Fwd: Welcome to the land of the politically correct

Chuck Grimes cgrimes at tsoft.com
Thu Jun 14 09:23:13 PDT 2001


In "The Seventies: The Great Shift in American Culture, Society, and Politics," Bruce J. Schulman ... [identifies the 1970s as the origin of a] "great shift" away from the public-spirited universalism that gave America the New Deal and the civil rights movement, and toward the sovereignty of the free market and private life. In other words, the 1980's began in the 1970's.
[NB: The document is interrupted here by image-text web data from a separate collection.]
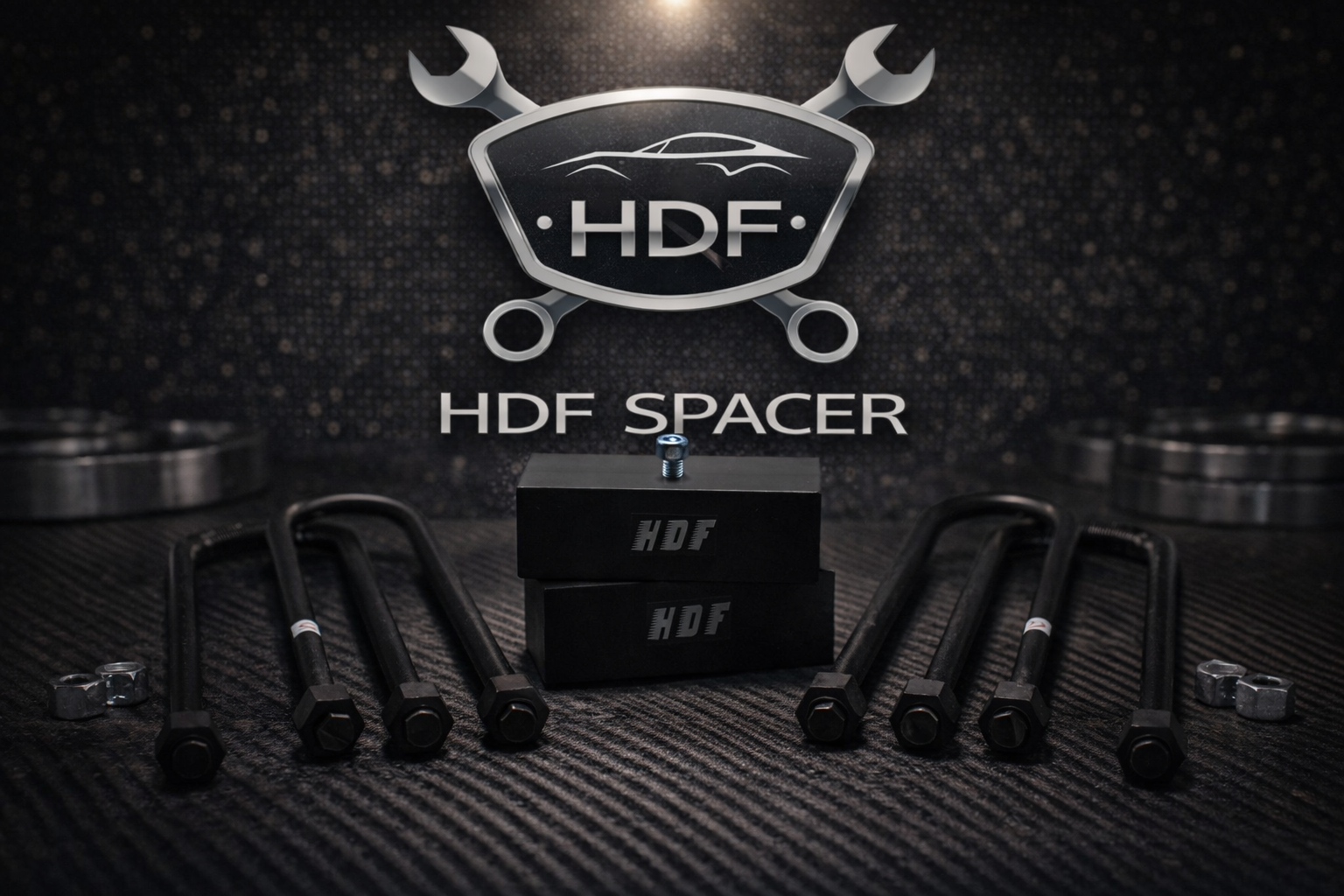 FOTON TUNLAND 5 CM MAKAS ALTI TAKOZ UBOLT SETİ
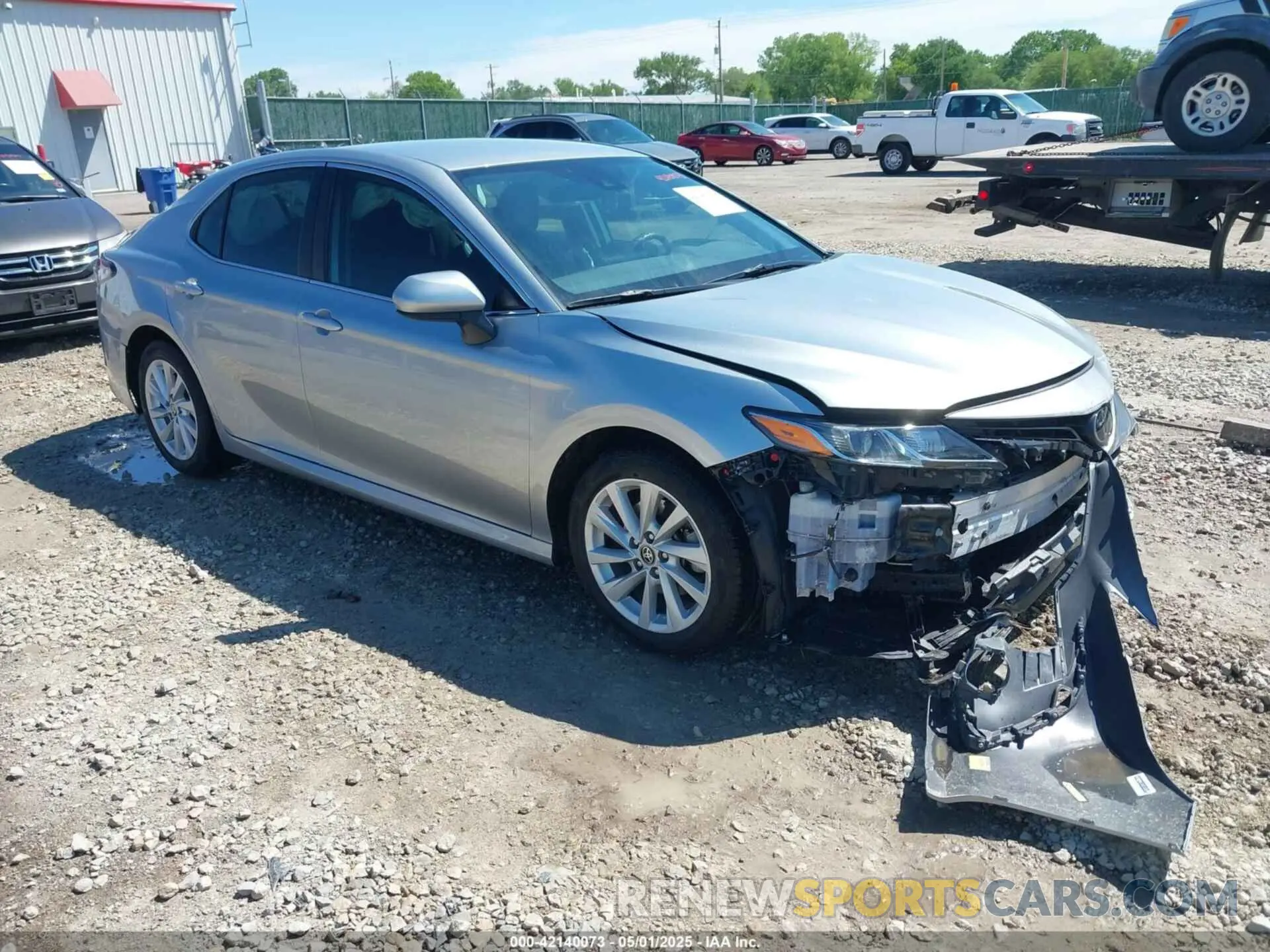 1 Photograph of a damaged car 4T1C11AK2PU178409 TOYOTA CAMRY 2023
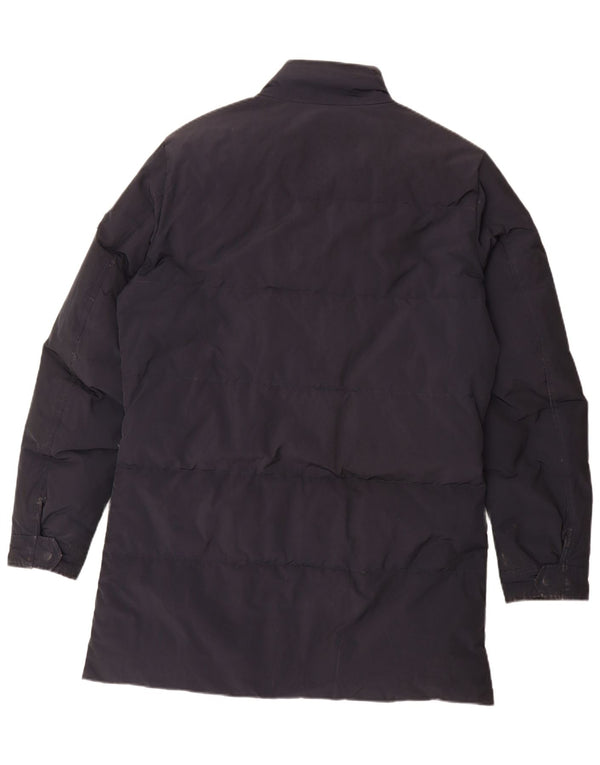 Palton căptușit pentru bărbați Woolrich UK 38 Medium Bleumarin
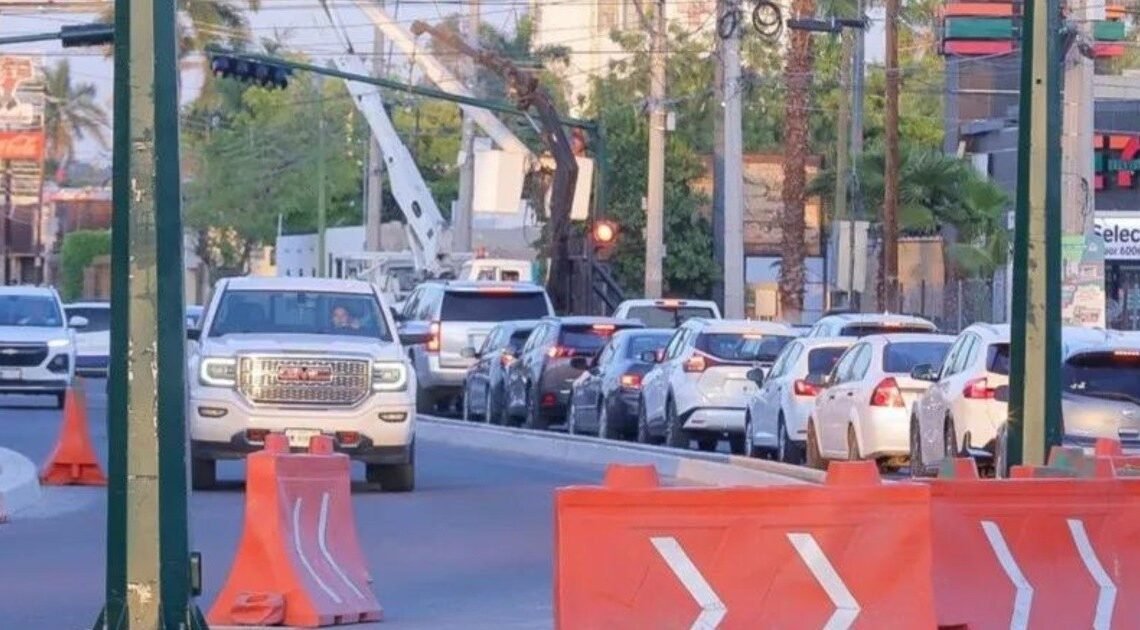 Hermosillo: Proyectan a 3 carriles Oriente de bulevar Colosio Hermosillo: Proyectan a 3 carriles Oriente de bulevar Colosio
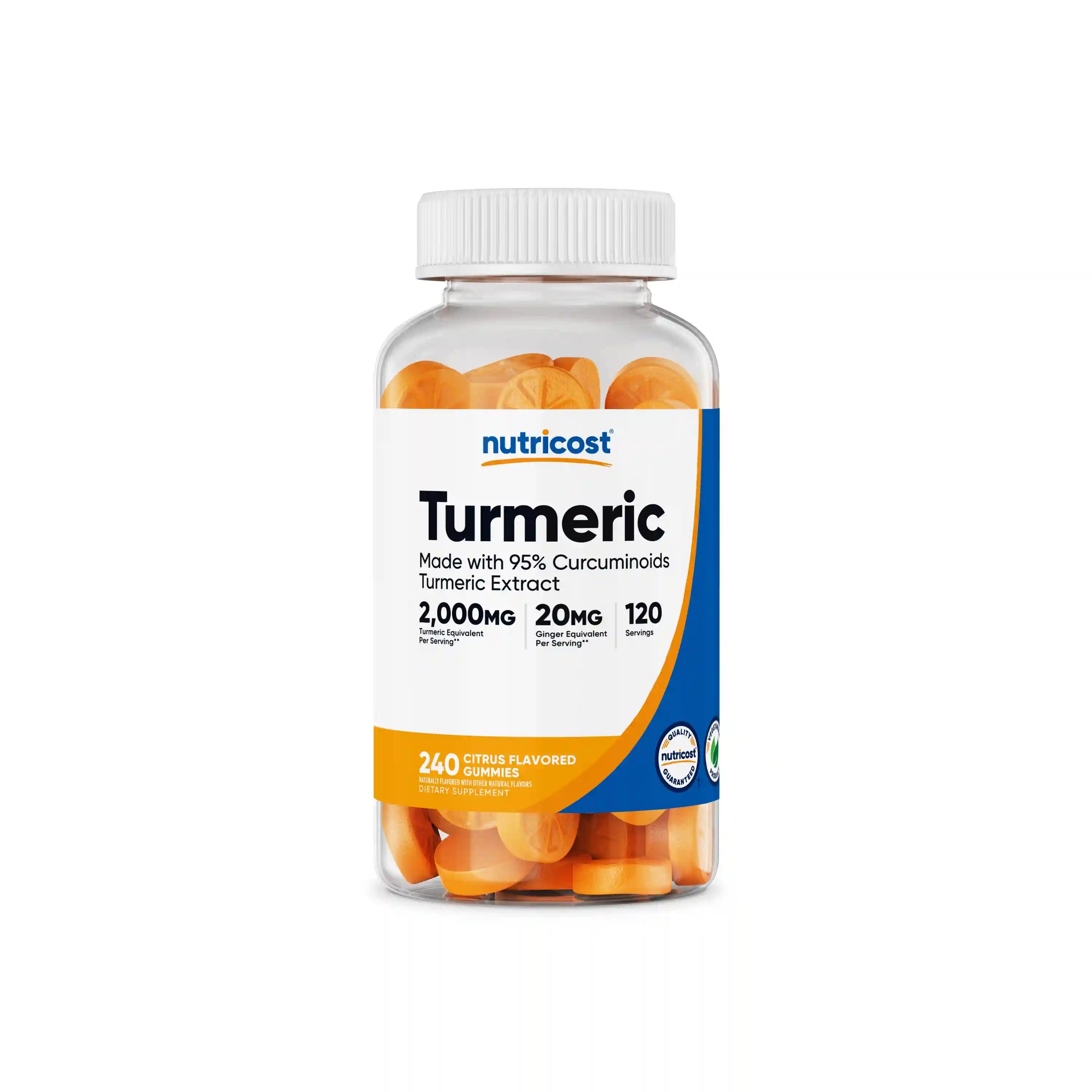 Nutricost Turmeric Gummies Secondary image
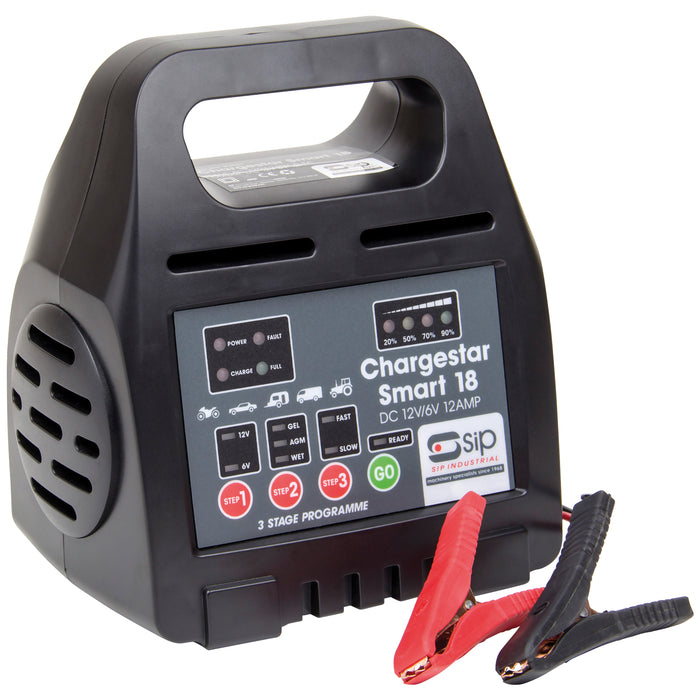 SIP Chargestar Smart 18 Battery Charger (6/ 12v)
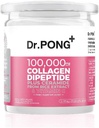 Generični Dr.Pong 100.000 mg kolagen dipeptid Plus ceramid iz ekstrakta riža in vitamin C 102g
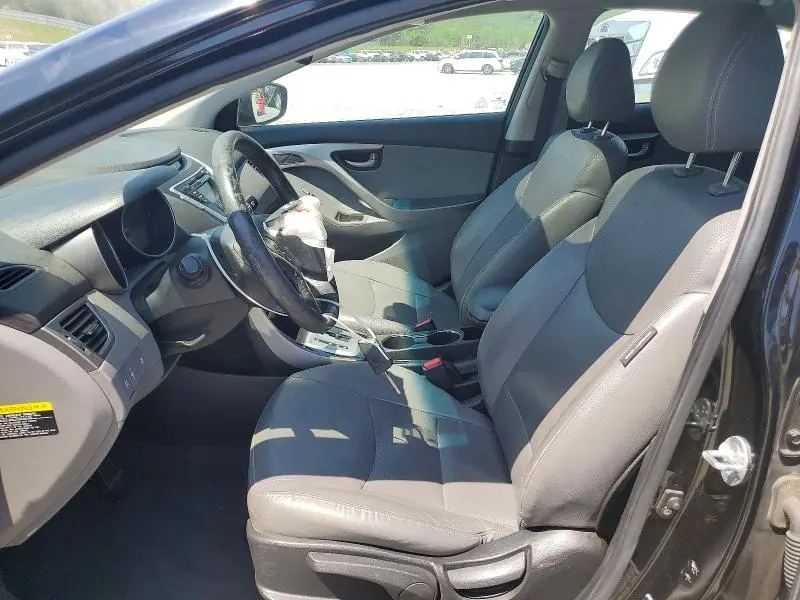 2012 HYUNDAI ELANTRA LIMITED  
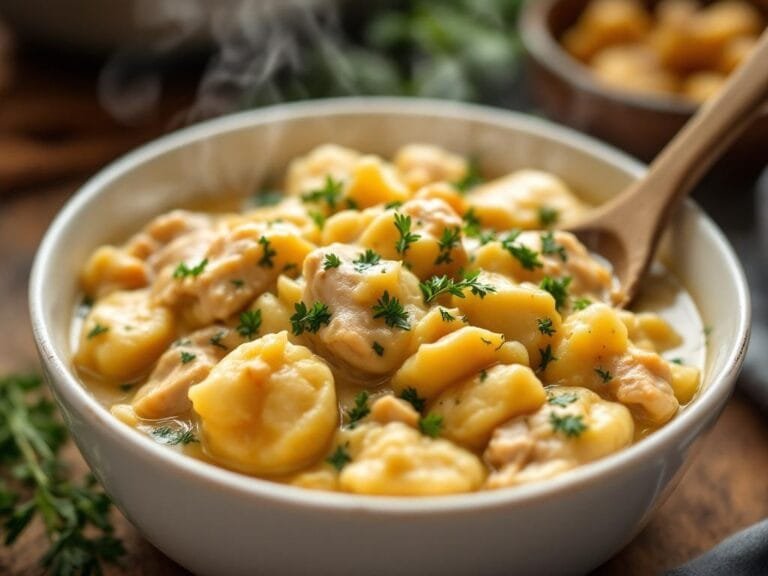 Instant Pot Chicken and Dumplings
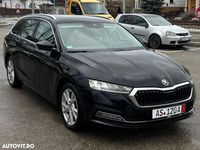 Second-hand Skoda Octavia First Edition 150 CP (110 kW) 2022 Culoarenegru Break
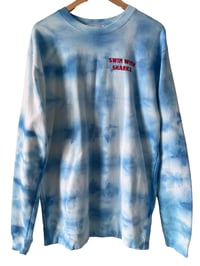 Image 1 of Jaws Tie Dye Earth Day XL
A similar argument appeared last year in "How We Got Here," by the journalist and current Bush speechwriter David Frum. But as a conservative Frum placed the emphasis on the decline of traditional moral values. What Schulman shows is how that decline went hand in hand with the freewheeling private enterprise that has remade American life in the past two decades. In this sense the change transcends the division between left and right: "This implosion of American public life and attempt to reconstruct the nation as a congeries of separate private refuges revealed itself across the traditional political spectrum and among all demographic groups." It was as much geographical as philosophical -- a movement of the nation's center of gravity away from the older consensus of the northeastern establishment, southward and westward to the Sun Belt, that freedom-seeking sprawl of subdivisions from Fort Lauderdale to Anaheim.....

...But 70's teenagers became academics and journalists, and inevitably a small historical literature of the decade has begun to accumulate. It turns out that the 70's gave birth to the America in which we now live... (NYT review)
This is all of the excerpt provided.